Use of the Passive Voice

A couple of months ago I submitted the *Bear and Hunter* Series first book to a review site. I received an email back within a day.  The email stated the reviewer liked the content and idea but thought the writing needs polishing. Tense problems was one of the editing issues. The reviewer recommended finding a professional editor to give it the needed once over.

Being I have my Bachelor of Arts in English and my co-author has her Master’s we consider ourselves fairly decent editors. Also because there isn’t only one set of eyes we thought more editing mistakes would be caught. Personally I set my Word (I am old school) to find passive voice mistakes.  So we thought we would do a pretty good job and I think overall we did. Yet, I believe our mode was more catch the spelling and the absolute egregious grammar when there was some.

Fortunately I know a woman who is a professional editor.  She told me her prices and asked what type of editing needed to be done. Because she is a friend of mine she offered to look over the first chapter for free. She disagreed about it having a tense problem but she was concerned about changing between two perspectives. She felt it confused the reader. On my character’s perspective my friend described my problem as “distance,” moving in and out, being in Katnes’ head and then outside of Katnes’ head.

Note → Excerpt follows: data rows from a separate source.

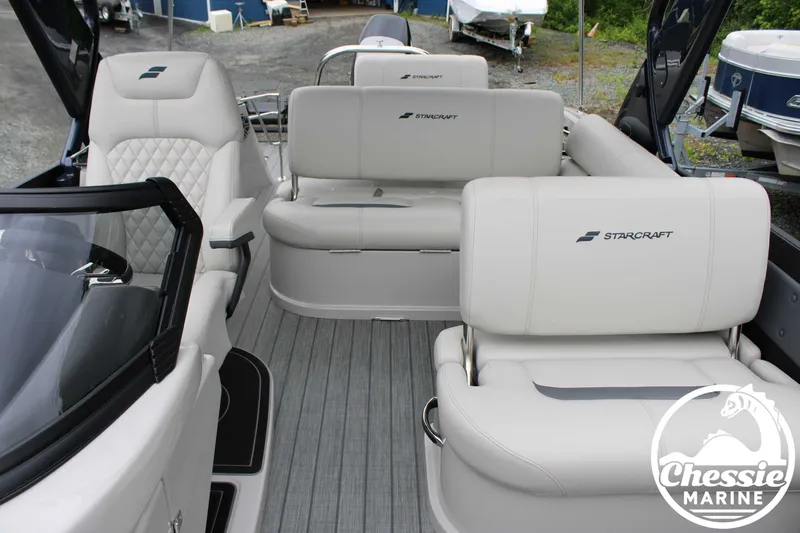 Slide: The Image of Starcraft RX 25 DL 2025 - 16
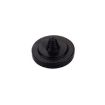 Metal Camera Shutter Release Button - 11mm Diameter - 2mm Thickness - 4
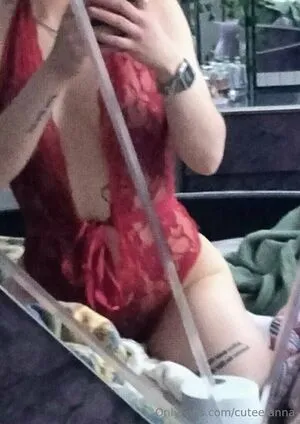 Cutee Anna OnlyFans Leaked Free Thumbnail Picture - #TAJMOxAXQN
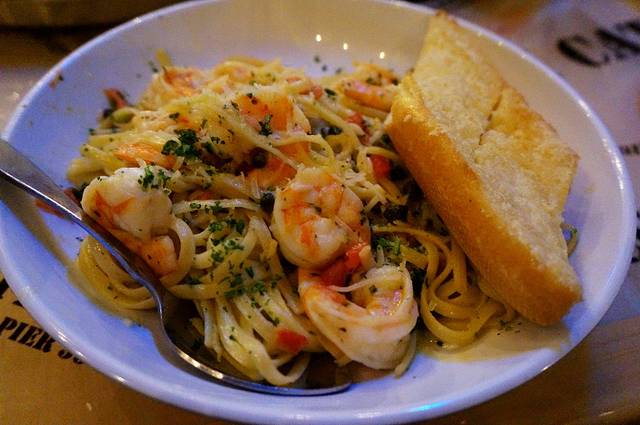 阿甘正传主题餐厅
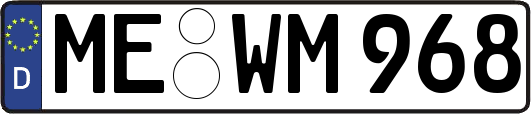 ME-WM968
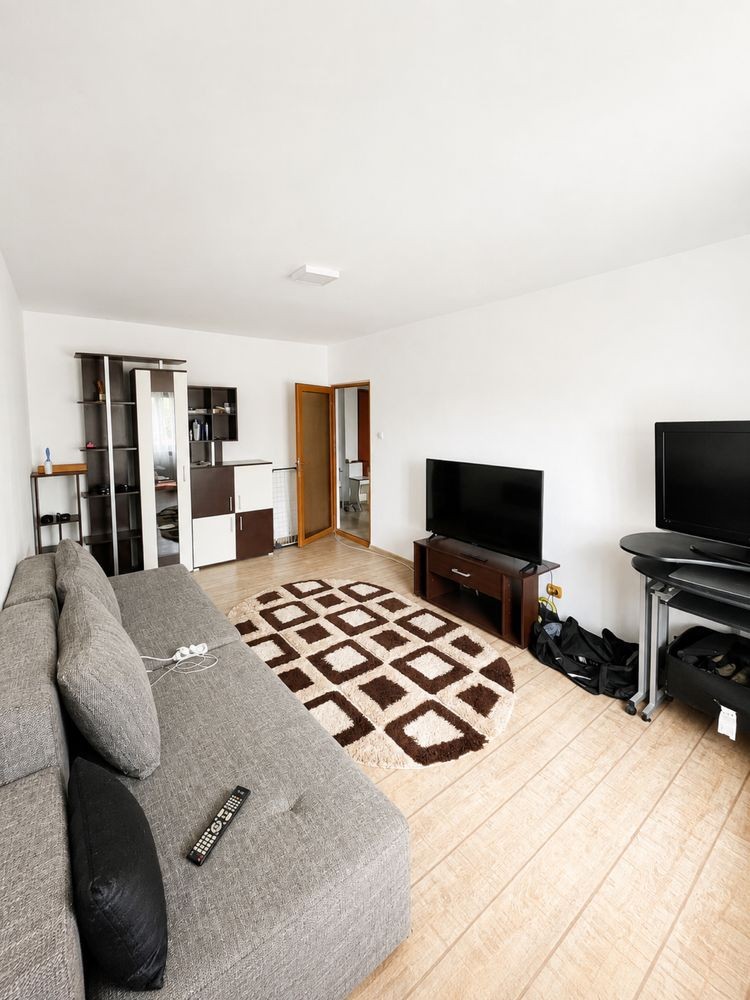 Apartament impecabil Micro 21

With these brief oral notes I went through the suggestions with my co-author and we found Google Docs was a better alternative in editing (again old school). After talking about it for some time my Harlow Hunter hit upon what was actually wrong with my writing–it is passive. She also agreed about the two person perspective and we are working on a way to fix this problem.

I began the process of editing. This mean almost a complete rewrite and then, of course, republishing the new writing. Harlow Hunter is editing as well. Between the two of us, with this new perspective on editing needed, we will be able to improve our past writings and better our future writings.

While starting this process I began to think about why I write in the passive voice in the first place. I am good at public speaking. Public speaking many times is a call to action or a persuasive argument. Neither of these can be accomplished using passive voice. Many say I have teaching and leadership qualities. These qualities, as with public speaking point to a strong, active voice.

However, I am also a negotiator and I like to compromise and help people find compromise. There are times where I uncertain of myself, like all people, especially when faced with an unknown situation. So the passive voice sneaks into my syntax. People are more likely to listen to you if you speak in a way not perceived as telling them what to do. Giving people choices helps in situations where neither party wants to give ground. The passive voice can, therefore, have a use and in some cases (because the English Language is ridiculous at times) is the only way a sentence makes sense.

Outside of my personal use passive voice can set a tone, the personality of the character you are writing. If you want a character to come across as weak, frighten, uncertain the passive voice can help shape those traits.

In my case Katnes is not any of those. So rewrite/edit it is. After all the *Bear and Hunter Series* is the story of two strong women and the adversities they face–which can’t be solved using the passive voice.